# Working towards finding Clebsch-Gordan coefficients for a single electron

I'm really confused about a problem involving a single electron which eventually wants me to calculate Clebsch-Gordan coefficients. I think this is probably because, I've only ever seen examples done where there are two particles and are required to add their angular momentum.

I'm told I have an electron in a state of orbital angular momentum $l=2$.

I therefore know that its possible total angular momenta are $j=5/2$ or $j=3/2$.

I also know that there are six possible states for $m$ which are $5/2, 3/2, 1/2, -1/2, -3/2, -5/2$.

But I've been asked to construct the state vectors $\psi_{j,m}$ with total angular momentum $j=5/2$ and corresponding 3-components $m=5/2$ and $m=3/2$ as linear combinations of state vectors where I know the values of $S_{z}$ and $L_{z}$.

Firstly, "3-components" have never been mentioned on my course, so I'm a bit confused about what that means. And we just don't seem to have been given any information about how to do this for a single electron. Can anyone help get me started?

It is first important to note that it doesn't matter if you write a state in the $| l \; m_l\; s \; m_s \rangle$ basis or the $| l \;s\; j \; m \rangle$, you'll always have that $m = m_l + m_s$.

This means that

$$| l = 2, m_l = 2,s=1/2, m_s=1/2 \rangle = | l=2, s=1/2, j=5/2, m=5/2 \rangle$$ because these are the only kets in each of the bases that have $m = m_l + m_s = 5/2$.

From that you can use the lowering operators to construct the other states.

For example, if you want to write $| l=2, s=2, j=5/2, m=3/2 \rangle$ in the $| l \; m_l\; s \; m_s \rangle$ basis, you only need to apply the $j_-=L_-+S_-$ operator to both sides of the equation.

In the left side you apply $$(L_-+S_- )| l \, m_l\, s \, m_s \rangle = L_-| l \, m_l\, s \, m_s \rangle+S_-| l \, m_l\, s \, m_s \rangle,$$ with $$L_-| l \; m_l\; s \; m_s \rangle = \hbar\sqrt{l(l+1)-m_l(m_l-1)}| l \; m_l-1\; s \; m_s \rangle$$ and $$S_-| l \; m_l\; s \; m_s \rangle = \hbar\sqrt{s(s+1)-m_s(m_s-1)}| l \; m_l\; s \; m_s-1 \rangle.$$.

On the right side $$j_- | l \;s\; j \; m \rangle = \hbar\sqrt{j(j+1)-m(m-1)} | l \;s\; j \; m-1 \rangle$$

Put everything together and you'll find what you're after.

• I think I'm really confused about what's going on here, any suggestions of where I could look to have another go at starting to build from the ground up? – user37154 Nov 3 '14 at 21:27
• I found section 7.1 in this notes quite useful for a full-disclosure treatment of the subject.

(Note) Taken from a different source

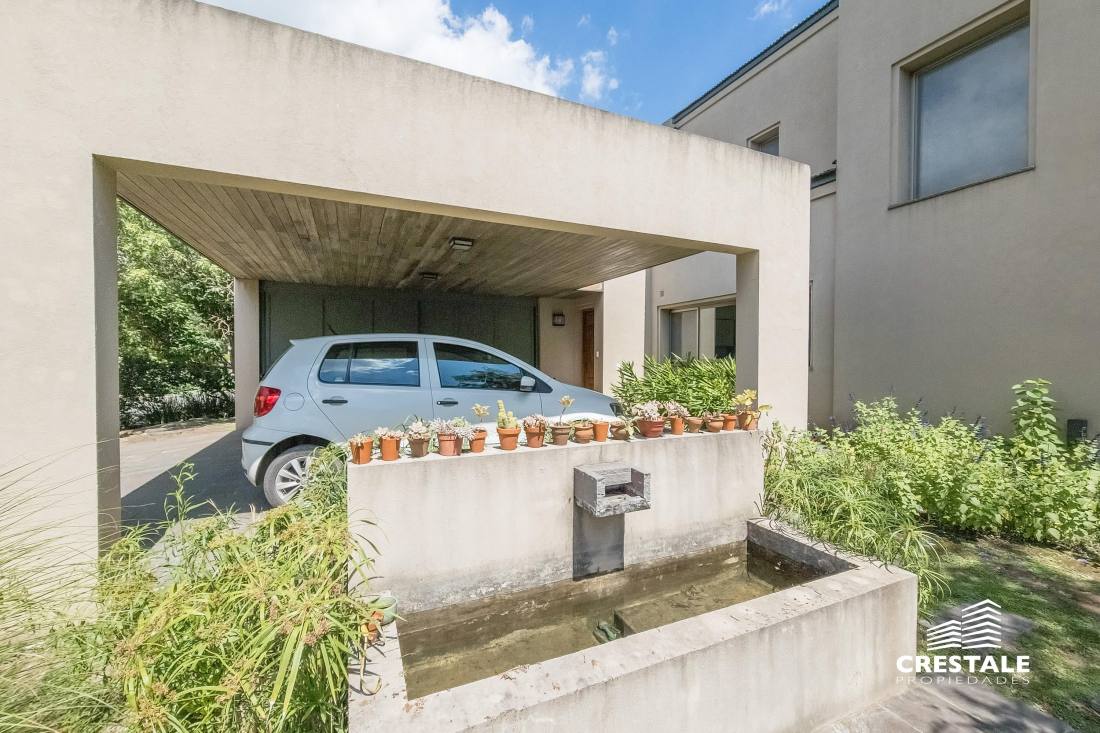 Casa 5 dormitorios en venta Country Golf Rosario, Rosario. CHO4670072 Crestale Propiedades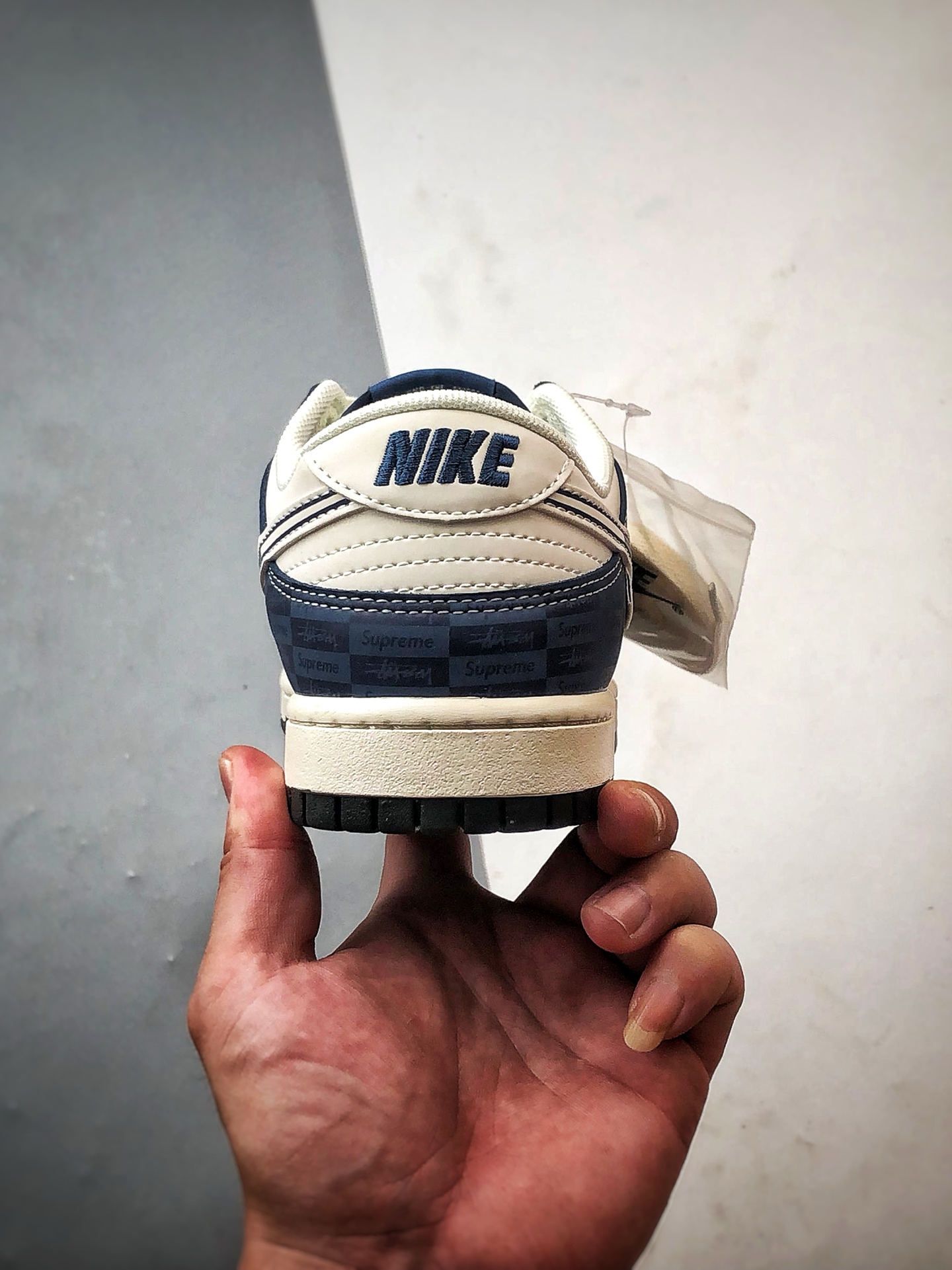 NK Dunk Low Retro ”DIY高端定制” Sup暗纹弹幕白深蓝 低帮休闲运动板鞋 FC1688-228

I will expand my answer to try and clarify. – Asaf Nov 3 '14 at 21:46
• @user37154 I've updated my answer. Let me know if something is unclear. – Asaf Nov 3 '14 at 22:32
• How come you have $s=2$ in $|l=2,s=2,j=5/2,m=3/2⟩$, I thought $s=1/2$ always for a fermion? (Thanks for expanding, think I'm starting to get it) – user37154 Nov 3 '14 at 22:33
• It was a typo :P – Asaf Nov 3 '14 at 22:35